My friend spent 20 years living in Indonesia and he assures me that most of this coffee has never been through a civet although it is sold as such. Without wishing to be involved in the animal welfare debate there is a probability that the vendors are feeding you an alternative line of shit..... According to my mate.....


----------



## cold war kid (Mar 12, 2010)

£40 for less than 250g of coffee that they are either lying about or have been lied to and are gullible enough to reproduce the comments in their blurb.

As said in previous posts it would be impossible for the sort of quantities needed to be attained if they weren't farmed. I'm willing to believe these particular civets aren't caged and are in effect treated in a similar way to barn/free range chickens but to say they're not farmed is at the very least misleading. I don't need science to back this up, it's just common sense.


----------



## Huggy (Mar 7, 2015)

A quick update.

I emailed coffee-direct.co.uk asking for specifics regarding who their suppliers were to support their claims of non-captive civet cat poo collection - including how their suppliers come across so much of the stuff if the cats are in no way captive. Their response was as follows:-

"Many thanks for your email and interest in our Kopi Luwak coffee. We take great care to ensure our Kopi coffee is purchased from respected farmers. We're naturally opposed to the captive farming of civets for Kopi Luwak, and all of our stock is certified as non-farmed. We have been Kopi now for many years and have full confidence in our supplier."

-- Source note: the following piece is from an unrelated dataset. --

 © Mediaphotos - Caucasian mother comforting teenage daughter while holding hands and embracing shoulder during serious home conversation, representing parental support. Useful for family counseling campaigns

Well their response pretty much mugged me off - answering precisely none of my questions. This makes me angry because if there's nothing to hide then they can surely tell me at least something useful. They'd be giving nothing away by giving me the company name of their supplier - unless it's dodgy and they wish to keep this under their hats.... Interesting...

As much as I'd like to try it I already don't wanna drink it....


----------



## cold war kid (Mar 12, 2010)

I'm not going to guilt trip you or try to impose my beliefs on you but for me, there's just so many good coffee's I'd love to try that are reasonably priced and free from any ethical grey area that I see no point in KL, although I do understand you're curious.

One of the great things about speciality coffee is that if the coffee is good the demand is high and the farmer gets a better price. To bring animals that may or may not be abused into the equation isn't necessary.


----------